Aim of the exercise - Omit all pictures, then repeat the listing exactly.

Dataset section -
- Opening Delimiter -
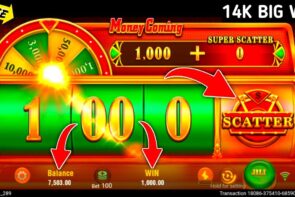 Jackpot Money Coming, Big Win from Jili Slot Games, 14k Big Win.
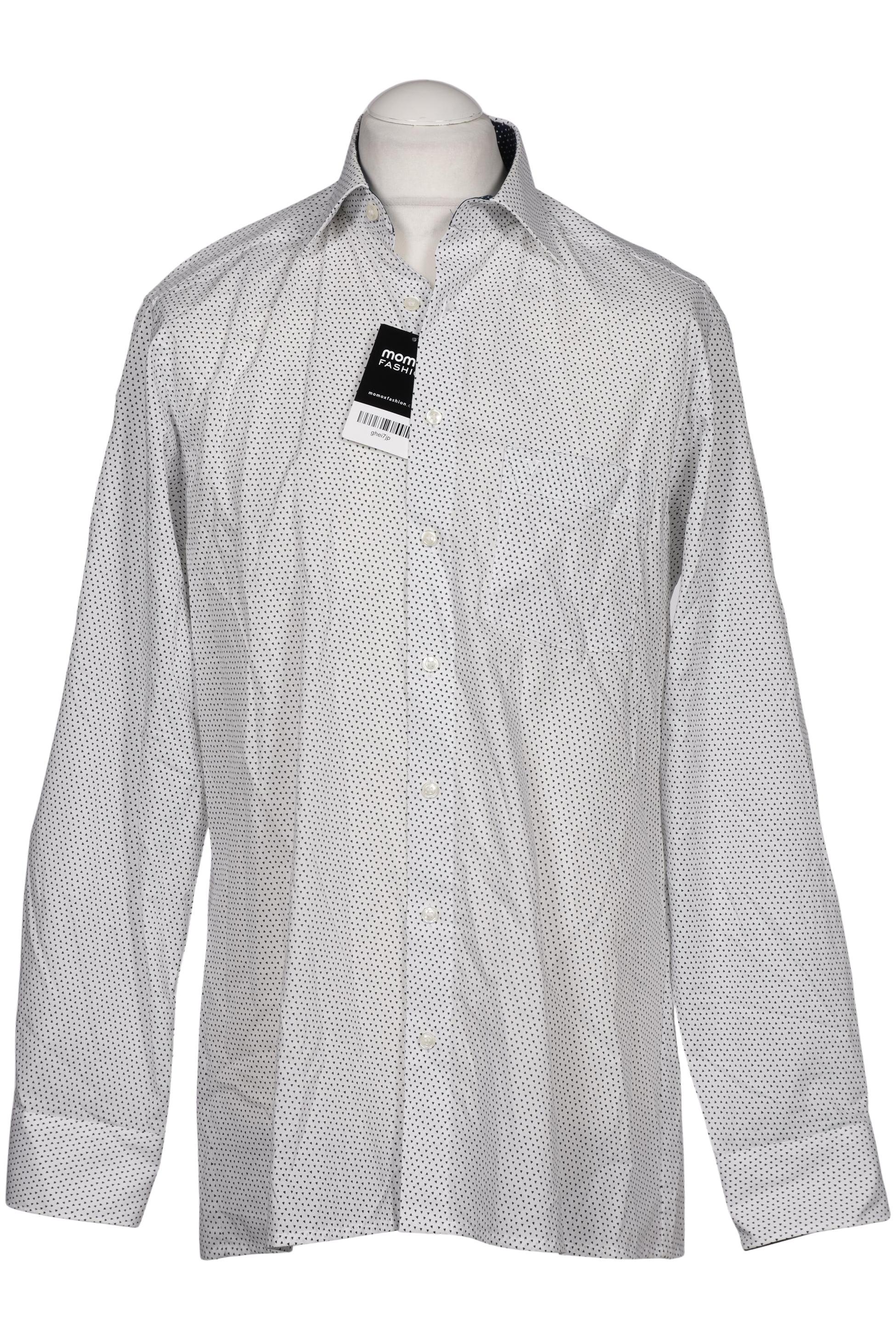 

Marvelis Herren Hemd, grau, Gr. 52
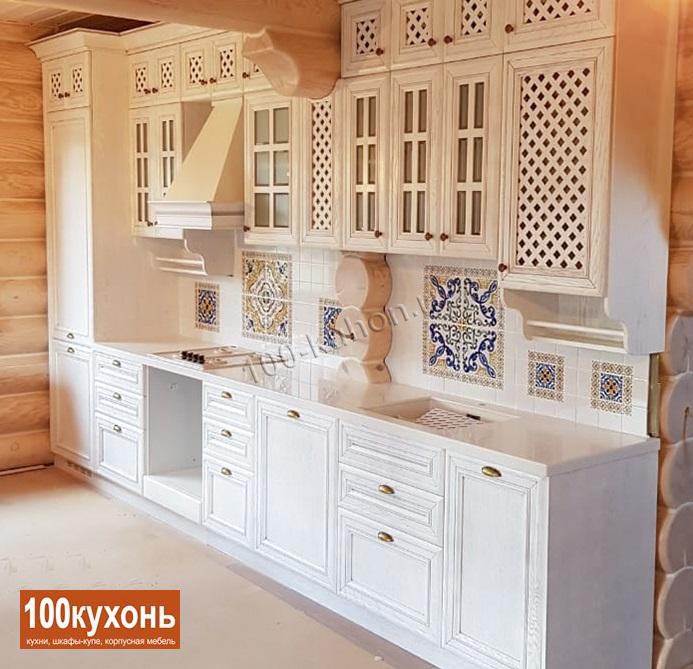 Дизайн кухня восток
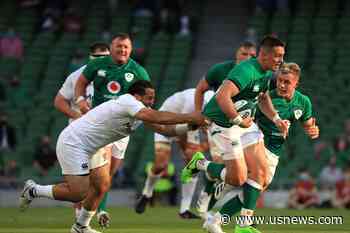 New-Look Ireland Hammers US 71-10 in Dublin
- Closing Delimiter -
Written solution -
 Jackpot Money Coming, Big Win from Jili Slot Games, 14k Big Win.

Marvelis Herren Hemd, grau, Gr. 52
 Дизайн кухня восток
 New-Look Ireland Hammers US 71-10 in Dublin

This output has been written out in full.